Books on French and Italian cuisine followed. Within ten years, David had become a major influence on UK cooking habits. She had a deep disgust for careless cooking and inferior substitutes for classic dishes and ingredients.

In the 1960s she founded Elizabeth David Ltd., which traded in exclusive kitchen utensils. Even after leaving in 1973, the company continued to exist under her name.

Life

The early years in England

Elizabeth Gwynne was the second of four children, all daughters, of Rupert Sackville Gwynne and Stella Ridley, daughter of the First Viscount Ridley. Both families were very wealthy, the Gwynne family thanks to engineering and land speculation, the Ridley family owned coal mines. Elizabeth and her sisters grew up at Wootton Manor in Sussex, a Jacobean style country house. Her father was a Member of Parliament for the Conservative Party for Eastbourne and Deputy Minister in the government of Andrew Bonar Law from 1923. Rupert Sackville Gwynne died in 1924 at the age of 51. Elizabeth and her sisters Priscilla, Diana and Felicité went to boarding schools.

As a teenager, Elizabeth devoted herself to painting. Her mother thought her talent was worth promoting and therefore sent her to Paris in 1930, where she spent a semester listening to French cultural history, which included history, literature and architecture, at the Sorbonne . She lived with a Parisian family who devoted themselves to dining with great passion. David portrayed her in a very amusing way in her book French Provincial Cooking ( German: The French Kitchen, Almond Tree, 2017 ). In retrospect, she found this experience to be the most valuable part of her time in Paris. “I realized that the family had mastered the task of introducing at least one of their protégés to French culture. The professors at the Sorbonne have long been forgotten ... What has been preserved is a sense of a kind of food that I had never come across in this quality before. ”Stella Gwynne had not pushed for her daughter to return to England soon. After Elizabeth graduated from the Sorbonne, her mother sent her from Paris to Munich in 1931 to study German.

After her return to England, David did not have much enthusiasm for the social obligations for higher daughters, including the presentation at court and numerous balls. She was not attracted to the respectable young Englishmen from good homes whom she met on these occasions.

She came to the opinion that she was not good enough as a painter and therefore decided - to the displeasure of her mother - to become an actress. In 1933 she became a member of the Oxford Repertory Company, the following year she moved to London as a member of the Open Air Theater based in Regent's Park . Among the colleagues there was an actor nine years his senior, Charles Gibson-Cowan. She was strongly drawn to his rejection of social conventions. Neither of them really cared that he was married.

David rented a room in a house near Regent's Park, invested a generous cash gift in the kitchen for her 21st birthday, and learned to cook. A gift from her mother titled The Gentle Art of Cookery from Hilda Leyel was her first cookbook. She later wrote: "I would probably never have learned to cook had it been a traditional Mrs. Beeton book instead of the romantic Mrs. Leyel with her wild, imaginative recipes."

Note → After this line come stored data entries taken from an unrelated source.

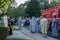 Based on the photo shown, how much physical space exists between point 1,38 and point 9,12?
236 cm

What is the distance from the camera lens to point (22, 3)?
54.7m

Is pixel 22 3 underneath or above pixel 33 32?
above

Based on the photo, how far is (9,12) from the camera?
44.2 ft

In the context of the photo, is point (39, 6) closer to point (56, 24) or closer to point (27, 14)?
point (27, 14)

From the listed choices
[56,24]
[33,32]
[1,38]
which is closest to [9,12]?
[1,38]

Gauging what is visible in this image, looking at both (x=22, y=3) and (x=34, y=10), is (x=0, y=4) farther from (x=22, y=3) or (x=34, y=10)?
(x=22, y=3)

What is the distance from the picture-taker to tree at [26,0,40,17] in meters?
45.5

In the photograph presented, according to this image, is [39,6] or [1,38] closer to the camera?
[1,38]

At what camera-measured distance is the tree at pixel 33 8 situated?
45453 millimetres

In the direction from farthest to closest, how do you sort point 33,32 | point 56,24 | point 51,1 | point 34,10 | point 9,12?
1. point 51,1
2. point 34,10
3. point 33,32
4. point 56,24
5. point 9,12

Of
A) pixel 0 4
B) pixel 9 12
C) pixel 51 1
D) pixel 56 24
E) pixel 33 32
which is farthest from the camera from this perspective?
pixel 51 1

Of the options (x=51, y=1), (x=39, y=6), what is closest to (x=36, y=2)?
(x=39, y=6)

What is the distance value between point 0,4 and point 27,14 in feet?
120

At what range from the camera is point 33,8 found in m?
45.8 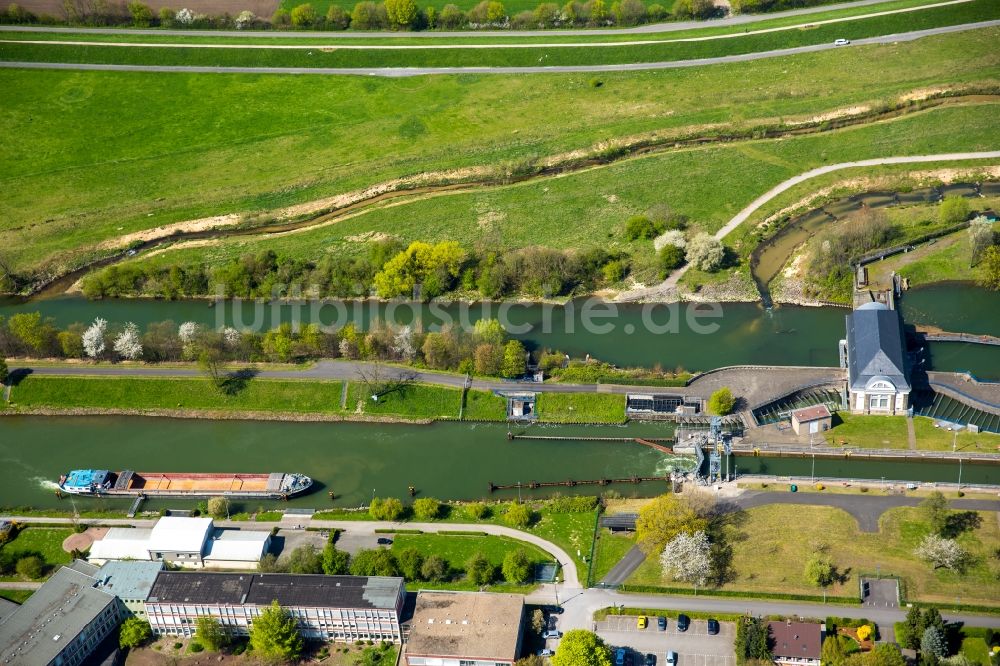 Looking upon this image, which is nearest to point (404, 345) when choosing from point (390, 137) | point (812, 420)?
point (812, 420)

France, Greece, Egypt and India

When she realized that she had no chance of success as an actress, she worked for some time as a saleswoman for the fashion company House of Worth, but found the required submissiveness to customers angry. So she resigned at the beginning of 1938. Together with Gibson-Cowan, she bought a boat just big enough to sail to Greece. In July 1939 they crossed the English Channel and navigated the boat through French river channels. They took a break in Marseille and later stayed for more than six months in Antibes, where David met the aging writer Norman Douglas , who influenced them significantly. He awakened her love for the Mediterranean, encouraged her interest in good food and taught her "to seek the best, to insist on it and to reject everything that was spurious and secondary". David and Gibson-Cowan left Antibes in May 1940, sailed to Corsica and then Sicily, where they were suspected of espionage and arrested. After nineteen days in prisons in different regions of Italy, permission to leave for Yugoslavia was granted. They lost pretty much everything in the process - boat, money, manuscripts, notebooks, and Elizabeth's precious recipe collection. With the help of the British consul in Zagreb, they managed to leave for Athens in July 1940. Gibson-Cowan got a job teaching English on Syros Island. When the Germans invaded Greece in April 1941, she and her partner managed to leave Greece in a civil convoy to Egypt.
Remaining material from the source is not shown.